Input for this task —
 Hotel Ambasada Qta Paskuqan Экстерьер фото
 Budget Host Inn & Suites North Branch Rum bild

---

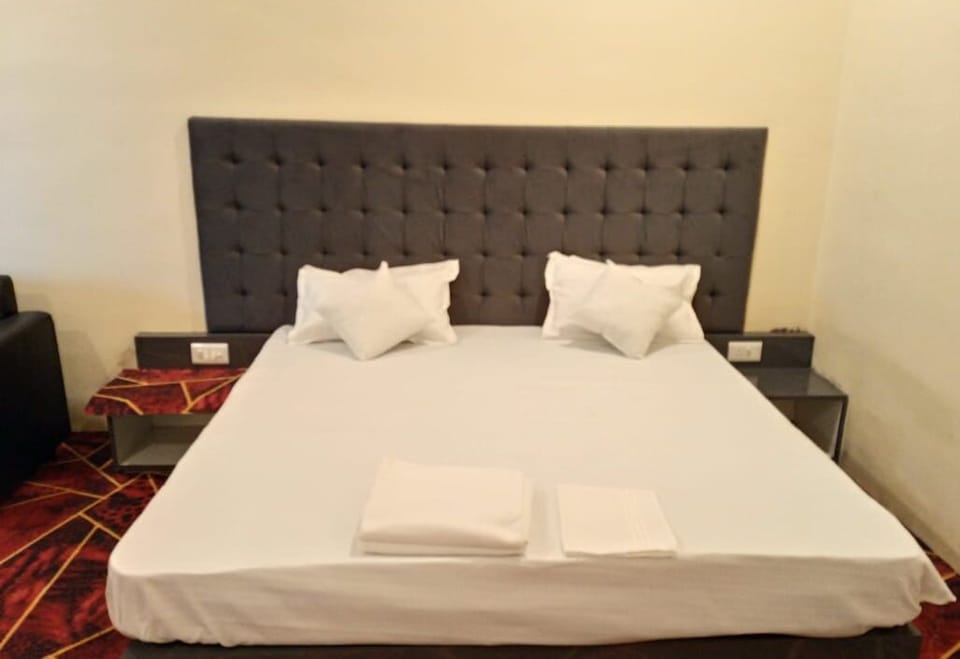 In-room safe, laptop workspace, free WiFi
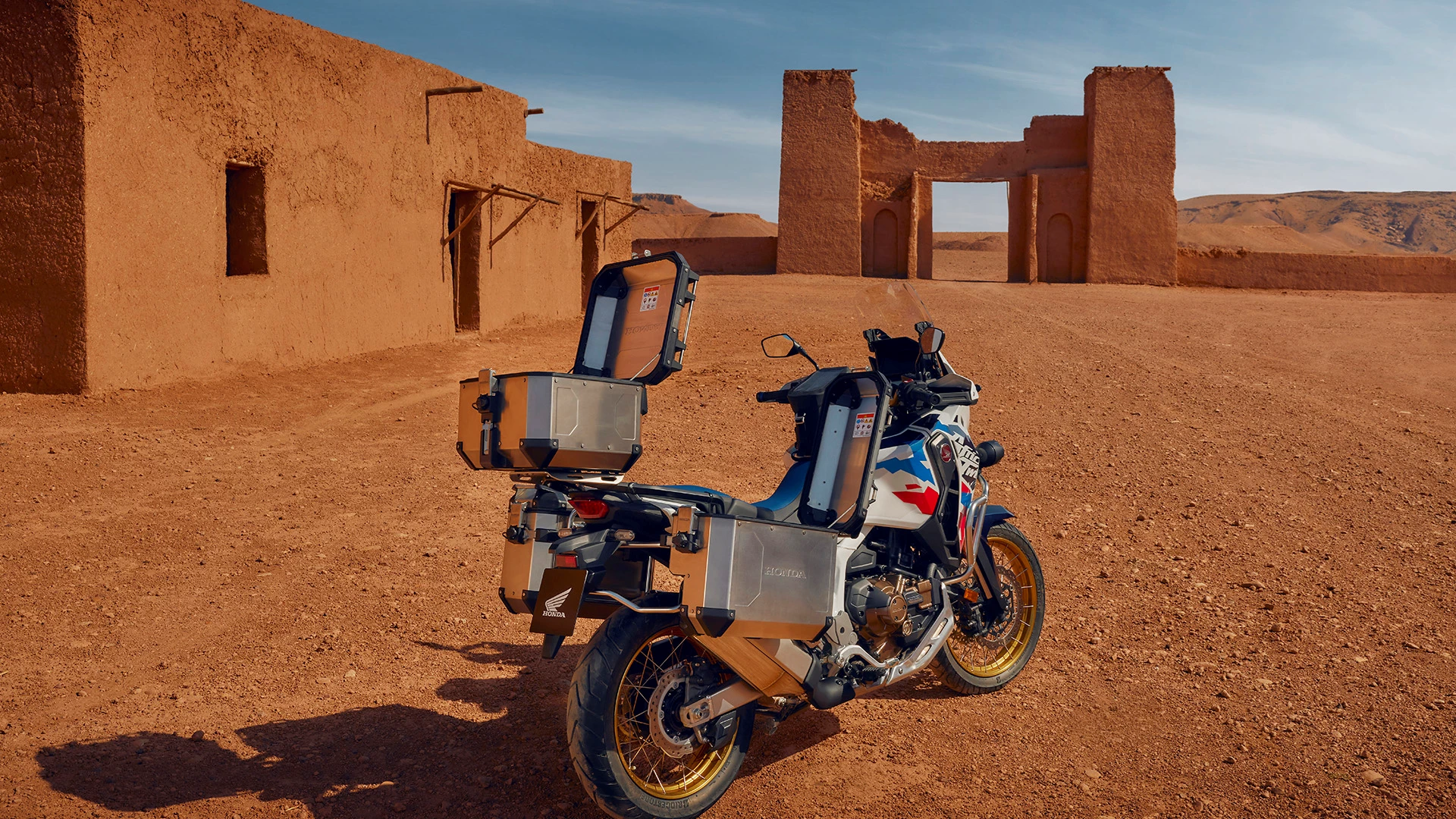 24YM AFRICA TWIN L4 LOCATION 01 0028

Work item —
Output the material above exactly, but only from the line that carries "Hotel Ambasada Qta Paskuqan Экстерьер фото" through the line that carries "Budget Host Inn".

Response for this exercise —
 Hotel Ambasada Qta Paskuqan Экстерьер фото
 Budget Host Inn & Suites North Branch Rum bild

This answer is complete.